第21回「健康思考のススメ」
「健康志向は広まったけど、健康思考は減っているかも」
2016年における世界の健康食品市場規模は約7,000億ドル。これが2021年には約8,100億ドルにまで拡大すると言われています。スマートフォン市場が約4,800億ドル。スマートフォン市場の約1.7倍と考えれば、その大きさがお感じいただけるでしょう。
これだけ健康志向が広まったにも関わらず、健康の人が増えたとは言えません。周りを見回してもそう感じますし、統計的にもそれが明らかです。例えば、食生活が大きく関わる糖尿病。2005年に5.6%だった糖尿病人口(米国)が、2010年には7.0%、2015年には7.4%となり、10年間で1.3倍以上に増加しています。
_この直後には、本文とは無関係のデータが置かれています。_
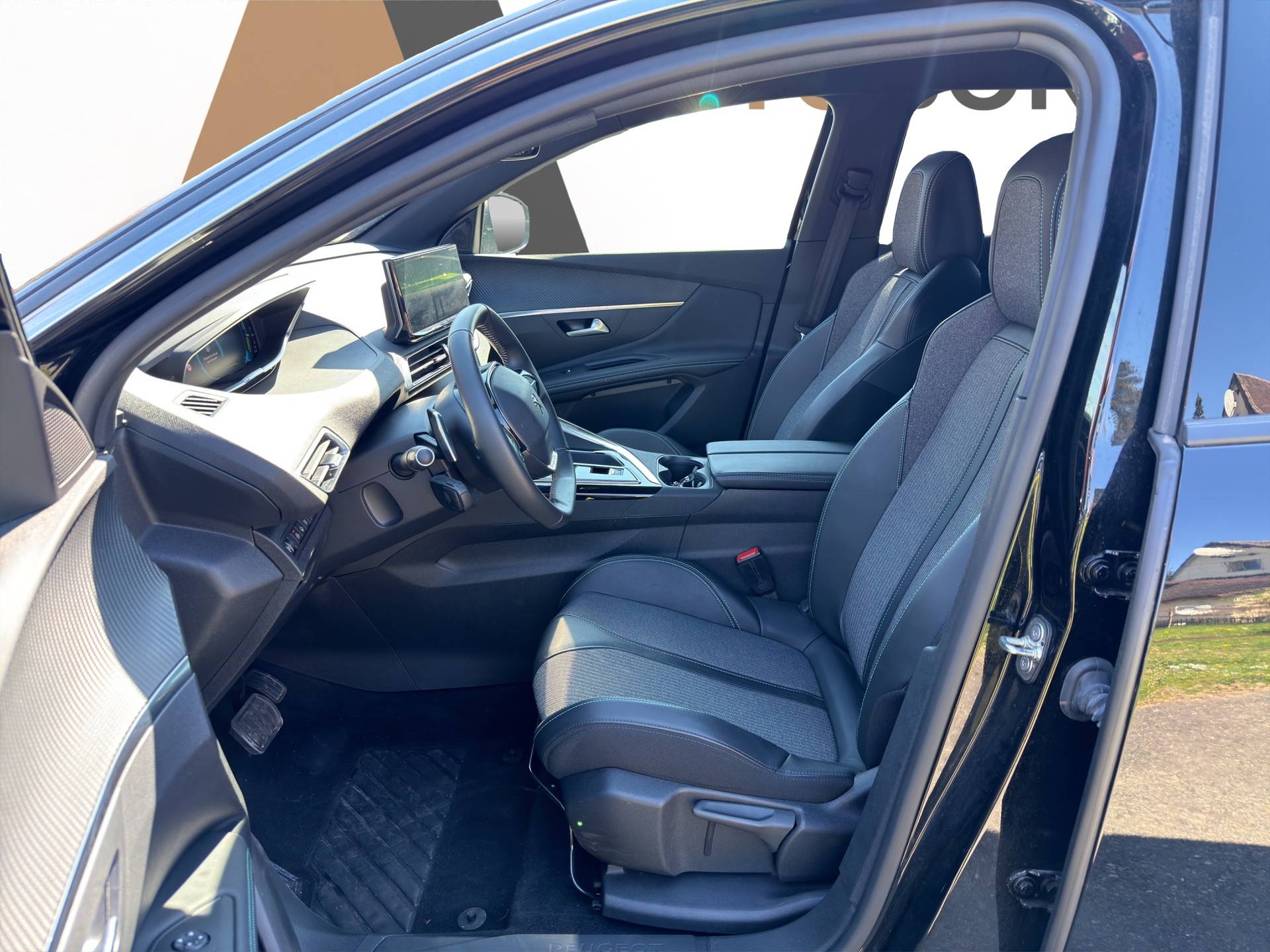 PEUGEOT 2008 1.2 Hybrid 145 Style-image-8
増加の原因はなんでしょうか。食生活や運動習慣が関わっているのはもちろんです。しかしそれらに加え、「健康思考」も深く関わっているのではないかというのが多くの方のカウンセリングを通じて感じた私の考えです。
そこで本稿では、健康志向を無駄にしない“健康思考”について考えてみたいと思います。
ごめんなさい、○○を食べてしまいました・・・
カウンセリングでよく聞く言葉です。○○に入るのは、ケーキやドーナツのようなお菓子から、ピザやフライドチキンのようなおかず系まで様々です。共通するのは食べたことへの反省と自責の念。後ろめたさを感じているような口調で報告してくださいます。正直に報告してくださって嬉しいと伝えていますが、それでもどこか引け目を感じていらっしゃるよう。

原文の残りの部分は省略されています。